But according to the Danish confederation of industry, Dansk Industri (DI), and a report from the World Wildlife Foundation (WWF), Denmark’s trailblazing ways are under siege thanks to cuts in research and innovation.
The WWF, for instance, reported in its recent 2017 Global Cleantech Innovation index (here in English) that while Denmark was ranked first, the report was based on data from 2013-2016.
“The indicator data is from 2013 to 2016, which means the scores of countries may not be up to date. The index results and country profiles should therefore be interpreted as strengths and weaknesses in relation to other countries in the 2013-2016 period. For example, Denmark has since cut its cleantech R&D budget by half since measurements were taken for the 2017 Index,” WWF wrote.
Future like the Finns
In fact, second-placed Finland looks to be in a far better position to engage in cleantech looking into the future – in terms of having better conditions for startups within cleantech. Sweden, France, Canada, the US and Israel also look better poised to meet future challenges facing the industry.
DI points to the 2016 budget law – which stripped 1.4 billion kroner from research and education – as being one of the more recent central detractors for cleantech in Denmark.

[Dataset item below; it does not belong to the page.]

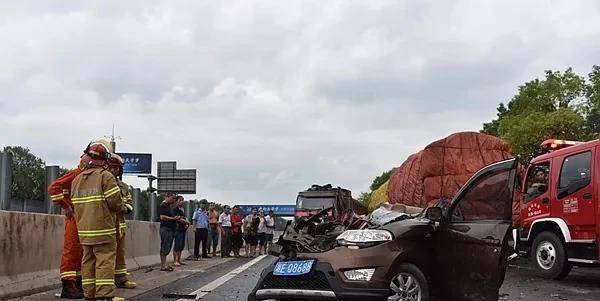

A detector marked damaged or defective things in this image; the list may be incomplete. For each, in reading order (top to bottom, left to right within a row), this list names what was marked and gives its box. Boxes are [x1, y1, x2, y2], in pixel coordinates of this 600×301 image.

damaged brown suv [246, 158, 516, 298]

“The frameworks are essential to whether or not we will be surpassed – and right now they are far from good enough,” said Troels Ranis, an industry head with DI Energy.
“We invest far too little in research and innovation, and therefore too little in companies that in the future can generate growth and employment in Denmark. We need a clear strategy that conveys what it is we want to hedge our bets on and to support the development we want.”